Records from a dataset
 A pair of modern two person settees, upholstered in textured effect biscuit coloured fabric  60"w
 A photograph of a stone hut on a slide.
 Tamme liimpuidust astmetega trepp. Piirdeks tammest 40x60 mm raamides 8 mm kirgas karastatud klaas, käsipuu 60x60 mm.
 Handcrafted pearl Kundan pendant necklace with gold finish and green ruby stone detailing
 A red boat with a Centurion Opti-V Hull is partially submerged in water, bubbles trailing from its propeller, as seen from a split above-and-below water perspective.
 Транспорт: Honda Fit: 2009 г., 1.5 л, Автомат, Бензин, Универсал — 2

## Work order
Print the entries exactly.

## Response area
 A pair of modern two person settees, upholstered in textured effect biscuit coloured fabric  60"w
 A photograph of a stone hut on a slide.
 Tamme liimpuidust astmetega trepp. Piirdeks tammest 40x60 mm raamides 8 mm kirgas karastatud klaas, käsipuu 60x60 mm.
 Handcrafted pearl Kundan pendant necklace with gold finish and green ruby stone detailing
 A red boat with a Centurion Opti-V Hull is partially submerged in water, bubbles trailing from its propeller, as seen from a split above-and-below water perspective.
 Транспорт: Honda Fit: 2009 г., 1.5 л, Автомат, Бензин, Универсал — 2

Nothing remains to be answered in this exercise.